▶ **Records**
Content starts

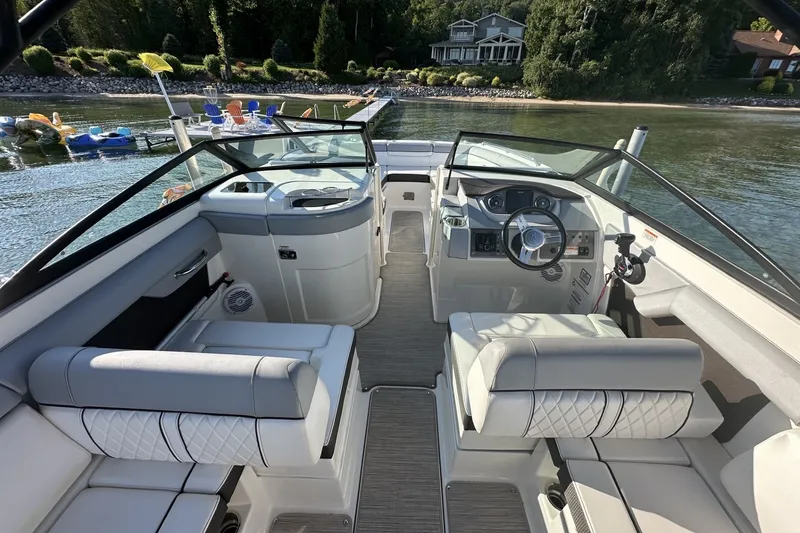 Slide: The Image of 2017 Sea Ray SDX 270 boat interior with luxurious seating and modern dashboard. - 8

Content ends
Content starts

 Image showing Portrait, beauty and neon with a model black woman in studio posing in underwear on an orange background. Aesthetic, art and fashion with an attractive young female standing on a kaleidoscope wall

Content ends
Content starts

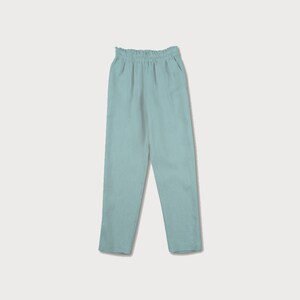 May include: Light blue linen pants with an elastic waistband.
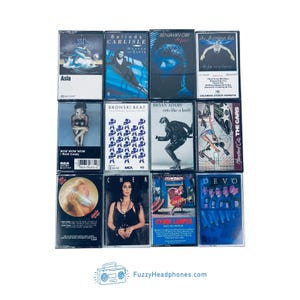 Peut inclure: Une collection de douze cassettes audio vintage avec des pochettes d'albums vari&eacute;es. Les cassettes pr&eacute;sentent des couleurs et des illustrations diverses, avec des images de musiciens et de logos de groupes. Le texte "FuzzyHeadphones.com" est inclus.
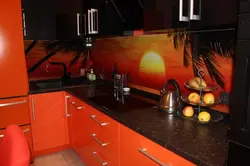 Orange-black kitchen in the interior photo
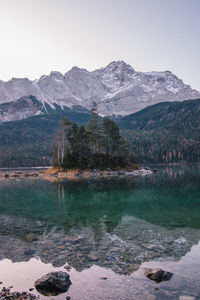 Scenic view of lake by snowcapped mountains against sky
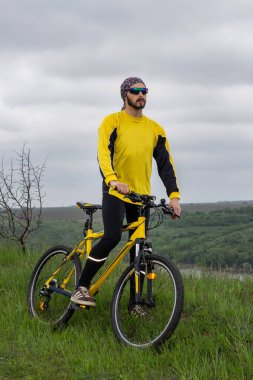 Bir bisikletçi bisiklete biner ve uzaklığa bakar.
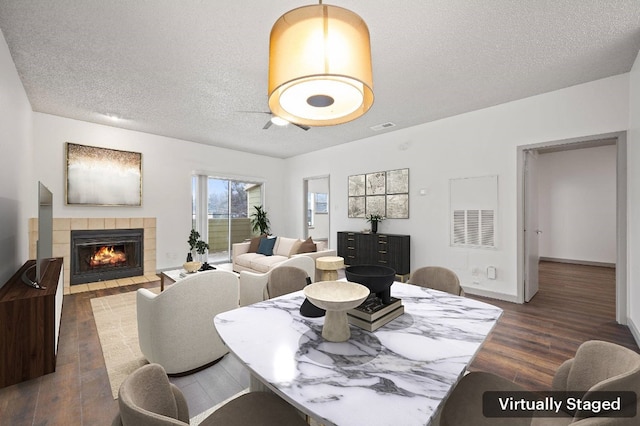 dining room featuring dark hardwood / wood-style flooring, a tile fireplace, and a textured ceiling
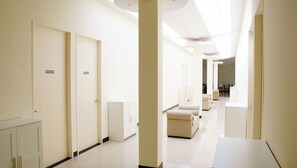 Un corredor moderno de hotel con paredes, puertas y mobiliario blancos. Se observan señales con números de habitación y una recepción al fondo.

Content ends

▶ **Your instructions**
Reproduce exactly the lines above that run from the one with "dining room featuring" to the one with "Un corredor moderno", both included, leaving pictures out.

▶ **Response**
 dining room featuring dark hardwood / wood-style flooring, a tile fireplace, and a textured ceiling
 Un corredor moderno de hotel con paredes, puertas y mobiliario blancos. Se observan señales con números de habitación y una recepción al fondo.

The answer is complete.